1. Linear Algebra Introduction¶

Linear algebra is frequently utilized in the implementation of machine learning algorithms, so it is very important to have an intuitive understanding of what it represents and how it is used. I recommend looking at this along side of my numpy walkthrough in the math appendix. This overview is going to consist of three main parts:

1. Linear Algebra: Programmers Inuition

The first section is going to go through an overview from a programming perspective about what linear algebra is all about.

2. Matrix Multiplication: Programmers Inuition

The second section is going to go through the visual process of matrix and vector multiplication and how to think about these processes from a programming perspective. Some terminology will be introduced here as well.

3. Dot Product: Geometric Intuition as it relates to Machine Learning

The third section is going to go through a thorough explanation of why we even have linear algebra, what matrix transformations are, why eigenvalues and vectors are useful, and more.

Linear Algebra: A Programmers Intuition¶

Matrix multiplication, and linear algebra in general, is often explained in one of two ways: 1. Geometrically

Intuitions are based on thinking of matrix multiplication as a linear transformation applied to a vector, and how that transformation is really the scaling/rotation/skewing of a plane.

You have an original vector, a transformation is applied, a new vector comes out. The issue with this is that it can lead to a heavy geometrical realiance that becomes very difficult to reason with as your dimensionality increases. For instance, when there are only two dimensions, $x$ and $y$, it is simple to think of the linear transformation of a plane, just as we see in the image of Mona Lisa above. However, if we suddenly have 500 dimensions, that geometric intepretation becomes far less intuitive.

2: Composing of Linear Operations It is true that the technical definition of matrix multiplication that it results in the composition of the original functions. However, it again leaves you feeling slightly empty when it comes time to perform matrix multiplication in code.
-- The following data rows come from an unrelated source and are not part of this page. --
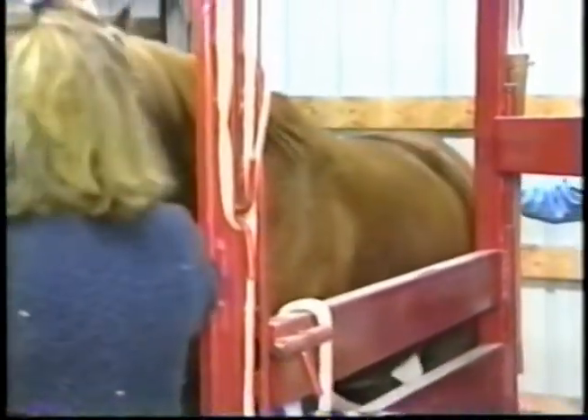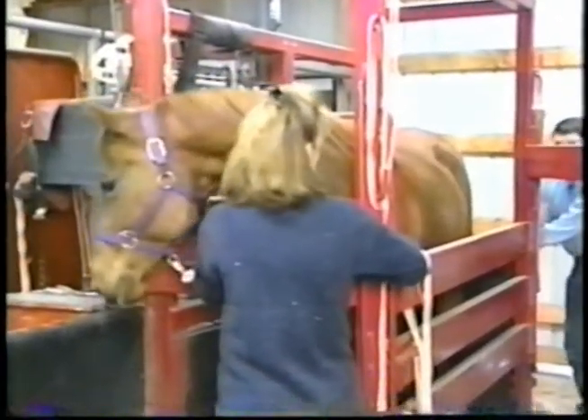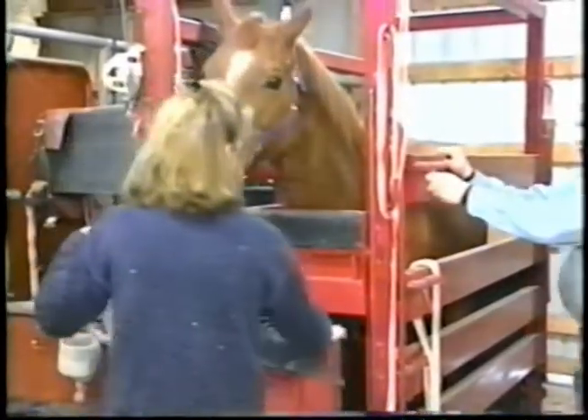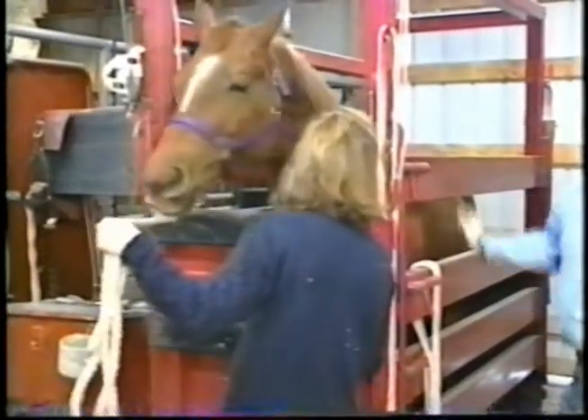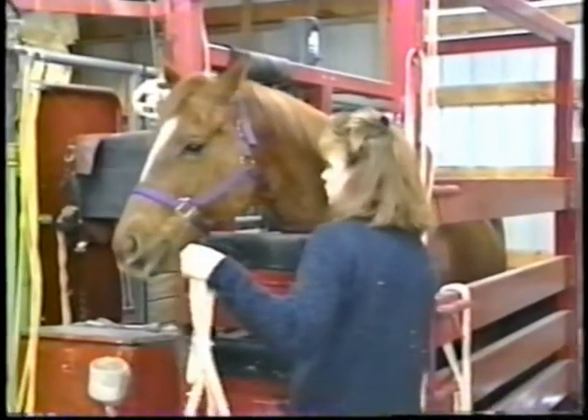We need to have the horse as calm as possible and as immobile as possible. As you'll see in a moment, the quarters are pretty tight at the back of this horse's mouth, and it's very important that we have the horse under sedation for her safety as well as ours.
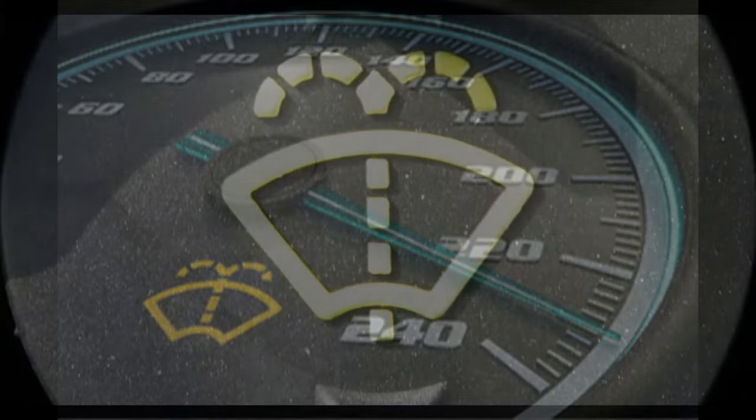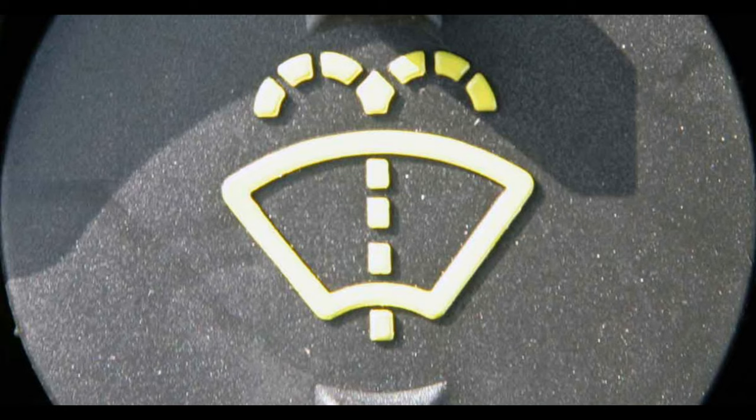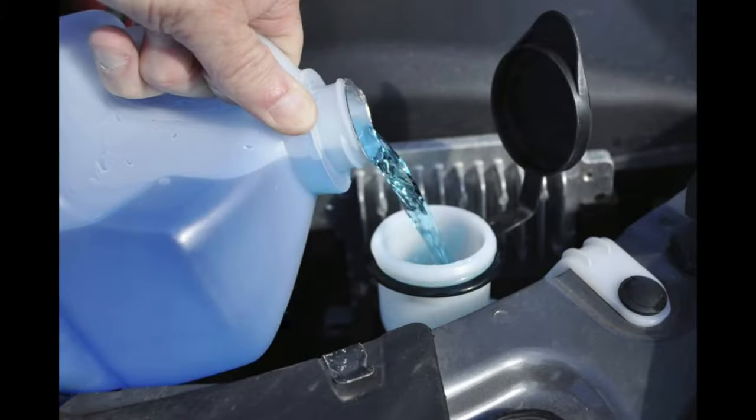This fluid is also used on headlights if the vehicle is equipped accordingly. To help make sure you never run out of this fluid, some automakers have a fluid level sensor on the reservoir and a low washer fluid warning light on the dash.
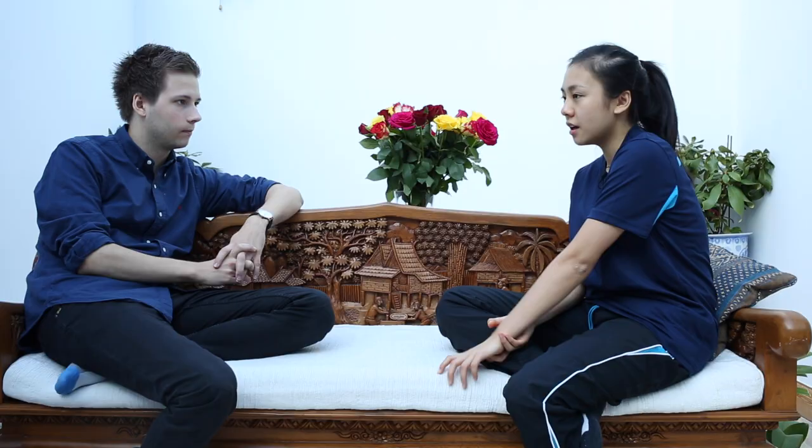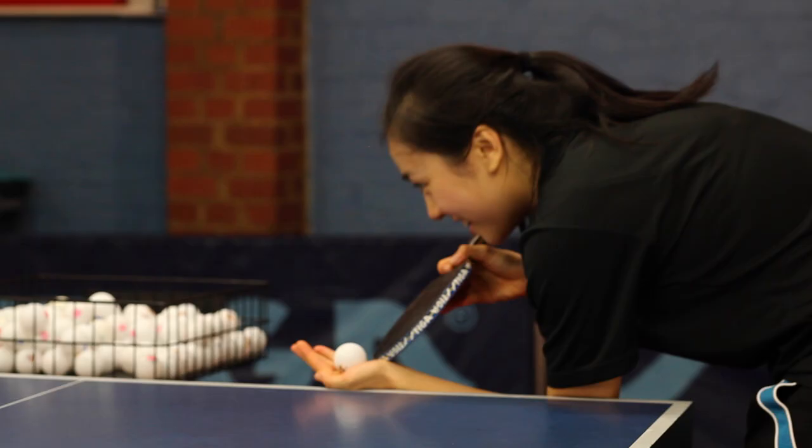I'll apply for universities first and then take a gap year to play table tennis and see how that goes. If I want, I'll go to university and try to also play table tennis, but if not then I can go professional. A lot of players are going professional before university so they have a lot more training time, and it's hard to compete on a global basis while doing university studies, but I think it could be possible.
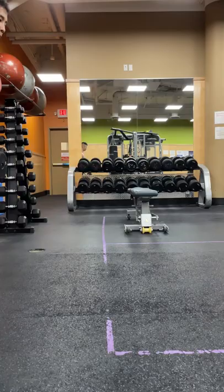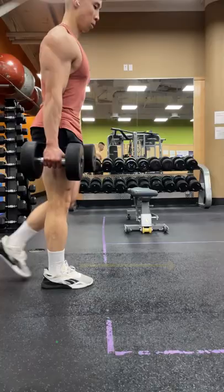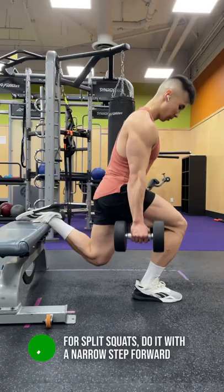For walking lunges, instead of taking large steps forward, which will emphasize more hamstrings and glutes, take smaller steps to target more quads. For split squats, also do it with a narrow step forward. For leg press, place your feet lower to target more of your quads.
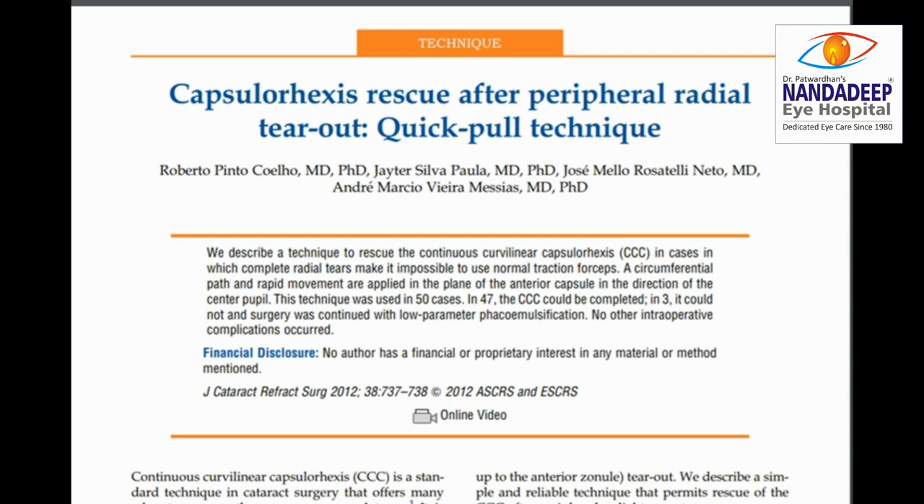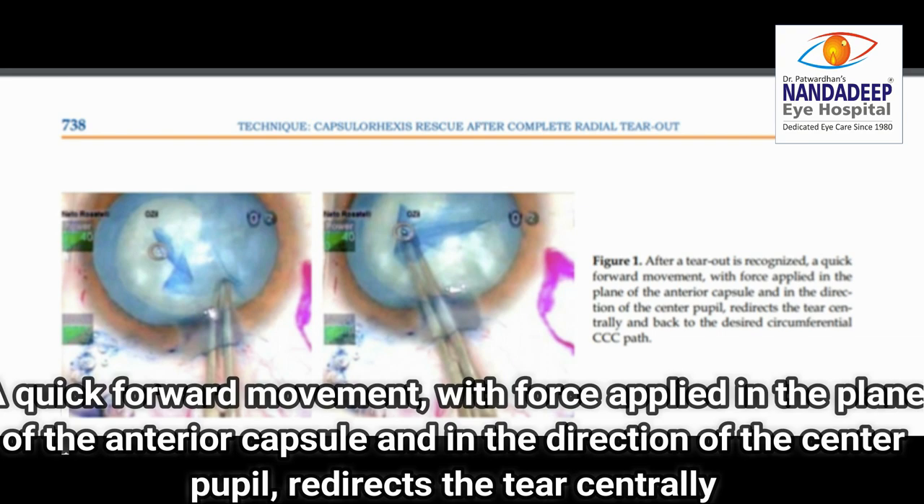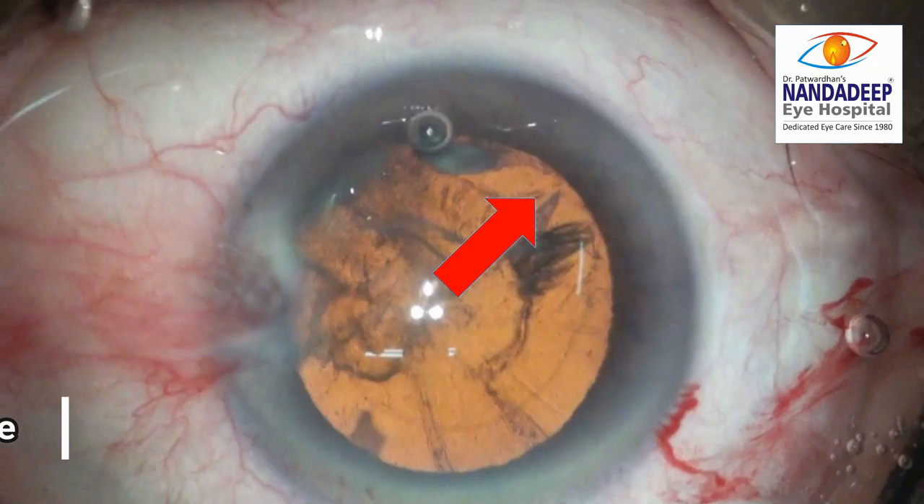We demonstrate the quick pull technique described for the cases of peripheral radial tears. The flap is pulled with a quick traction in the direction of the center of the pupil, which redirects the tear centrally.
Let's look at a different intuition that is particularly useful in the context of machine learning.

Matrix Multiplication is about information flow¶

Before we can dig into this example, it is import to touch on the notation involved in matrix multiplication. In scalar multiplication, the order the numbers does not matter; this is the communicative property:

$$a * b = b * a$$

However, when we get to matrix multiplication, it is often confusing that this is not longer the case. Order does matter:

$$A * B\neq B *A $$

Why is this the case? Well the easiest way to explain this is that matrix multiplication utilizes the same notation that we do when writing functions. For example, if were to write that $f$ is a function of $x$ it would look like:

$$f(x)$$

In this case $f$ is a certain variable that depends on the value of $x$. Order in this case clearly matters:

$$f(x) \neq x(f)$$

So, that is the first the to always remember: when writing out matrix multiplication, the matrix on the left is the composition of functions, and the one on the right is the input.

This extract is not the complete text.